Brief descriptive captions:
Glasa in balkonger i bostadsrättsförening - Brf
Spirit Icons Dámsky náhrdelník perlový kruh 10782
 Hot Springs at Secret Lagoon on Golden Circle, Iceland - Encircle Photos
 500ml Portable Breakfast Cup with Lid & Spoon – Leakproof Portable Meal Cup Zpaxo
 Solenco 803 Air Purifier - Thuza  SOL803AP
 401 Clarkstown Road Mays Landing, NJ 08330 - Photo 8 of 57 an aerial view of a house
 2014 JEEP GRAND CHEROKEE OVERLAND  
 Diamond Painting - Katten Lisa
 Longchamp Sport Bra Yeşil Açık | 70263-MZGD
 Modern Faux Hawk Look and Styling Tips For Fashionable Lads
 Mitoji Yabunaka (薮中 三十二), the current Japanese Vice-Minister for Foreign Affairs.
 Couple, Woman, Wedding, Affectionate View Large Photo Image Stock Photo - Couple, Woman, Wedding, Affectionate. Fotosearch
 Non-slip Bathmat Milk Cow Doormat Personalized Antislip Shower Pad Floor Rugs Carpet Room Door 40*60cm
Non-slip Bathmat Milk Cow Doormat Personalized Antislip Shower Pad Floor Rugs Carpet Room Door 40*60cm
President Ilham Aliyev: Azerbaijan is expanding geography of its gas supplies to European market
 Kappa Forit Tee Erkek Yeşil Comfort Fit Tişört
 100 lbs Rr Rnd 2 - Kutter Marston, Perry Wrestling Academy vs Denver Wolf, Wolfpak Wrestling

• [ABOUT THIS TASK]:
Word for word, transcribe the data shown above.

• [RESPONSE TO THIS EXERCISE]:
Glasa in balkonger i bostadsrättsförening - Brf
Spirit Icons Dámsky náhrdelník perlový kruh 10782
 Hot Springs at Secret Lagoon on Golden Circle, Iceland - Encircle Photos
 500ml Portable Breakfast Cup with Lid & Spoon – Leakproof Portable Meal Cup Zpaxo
 Solenco 803 Air Purifier - Thuza  SOL803AP
 401 Clarkstown Road Mays Landing, NJ 08330 - Photo 8 of 57 an aerial view of a house
 2014 JEEP GRAND CHEROKEE OVERLAND  
 Diamond Painting - Katten Lisa
 Longchamp Sport Bra Yeşil Açık | 70263-MZGD
 Modern Faux Hawk Look and Styling Tips For Fashionable Lads
 Mitoji Yabunaka (薮中 三十二), the current Japanese Vice-Minister for Foreign Affairs.
 Couple, Woman, Wedding, Affectionate View Large Photo Image Stock Photo - Couple, Woman, Wedding, Affectionate. Fotosearch
 Non-slip Bathmat Milk Cow Doormat Personalized Antislip Shower Pad Floor Rugs Carpet Room Door 40*60cm
Non-slip Bathmat Milk Cow Doormat Personalized Antislip Shower Pad Floor Rugs Carpet Room Door 40*60cm
President Ilham Aliyev: Azerbaijan is expanding geography of its gas supplies to European market
 Kappa Forit Tee Erkek Yeşil Comfort Fit Tişört
 100 lbs Rr Rnd 2 - Kutter Marston, Perry Wrestling Academy vs Denver Wolf, Wolfpak Wrestling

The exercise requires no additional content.